A February 2013 march for peace honoring Trayvon Martin

I came across a nice article in Salon yesterday on how good writing pushes against the mentality that led to the Trayvon Martin tragedy. Because people resorted to what author Karen E. Bender calls  “vague identity adjectives,” Trayvon was profiled and killed and reductive racial politics dominated much that came after.

Great literature, Bender says, pushes against such stereotyping. To make her point, Bender cites passages from Philip Roth’s Goodbye, Columbus, Sue Orlean’s The Orchard Thief, James Alan MacPherson’s essay “Why I Like Country Music,” Alice Walker’s short story “Everyday Use,” and the novel I discussed yesterday, Ralph Ellison’s Invisible Man.

Here’s Bender:

One of the great privileges of being a writer is the opportunity to see the world as specific—to embrace the complex universe that is each character. To just call a character “the black guy” or “the Jewish guy” is problematic because it really tells us nothing about the person. The vague description depends on a reader’s assumptions of what these words mean. I believe much biased thought actually evolves from this imprecision, because it is about the mental ease of a label. It is easier to try to label a person or group than to wrap your mind around the dizzying variation that resides in each human. But as writers, that is our duty.

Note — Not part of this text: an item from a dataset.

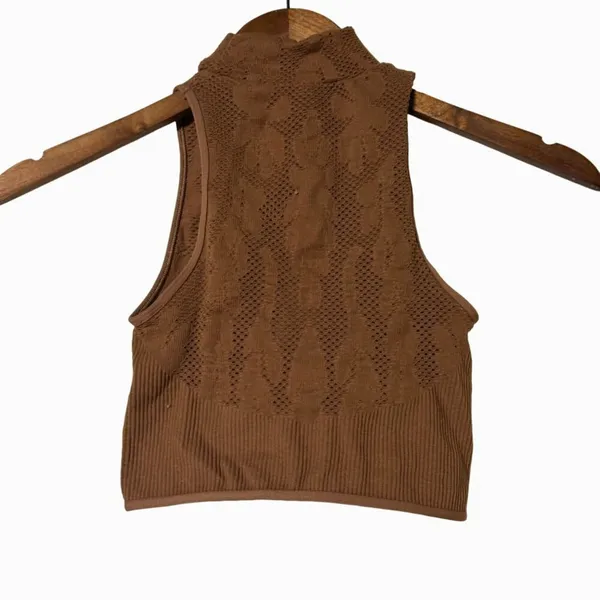 Out From Under XS/S Textured Seamless Cut Out Tank Polyamide Brown Crop Top - Image 3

Check out the article to read her examples and learn how she teaches her creative writing students. Here’s what she has to say about Goodbye, Columbus:

This is what I call the morality of specific language — finding the details unique to this character that can make him or her alive and surprising to the reader.  For example, the great first line in Philip Roth’s Goodbye, Columbus — “The first time I saw Brenda she asked me to hold her glasses.” This action reveals the entire dynamic between Neil and Brenda — that he, a “Jewish guy” from working-class Newark, is supposed to hold the glasses for Brenda, the wealthier “Jewish girl” from Short Hills, in their very first interaction.

Bender’s conclusion is a good argument about why literature is essential to developing good citizens:

In real life, on the news, in conversation, it is painful to hear individuals reduced to vague identifying adjectives, for it reveals thinking that is unclear and ultimately menacing to another person.  To use specific language, to really think about our characters, is not just good writing, but a moral duty. With the right descriptions, with the details that wake up the reader, writers can, perhaps, help them see past labels, and let go of their assumptions. We can, in our way, shine a light into the wide variety of people who walk the streets beside us. If this light can reveal all of a person’s strange, glorious uniqueness, perhaps we, as readers, as people, may be able to actually see each other.  Not as “the black guy” but as a person. Trayvon.

Literature can’t perform miracles. But it can help develop habits of mind that acknowledge the complexity that is other people.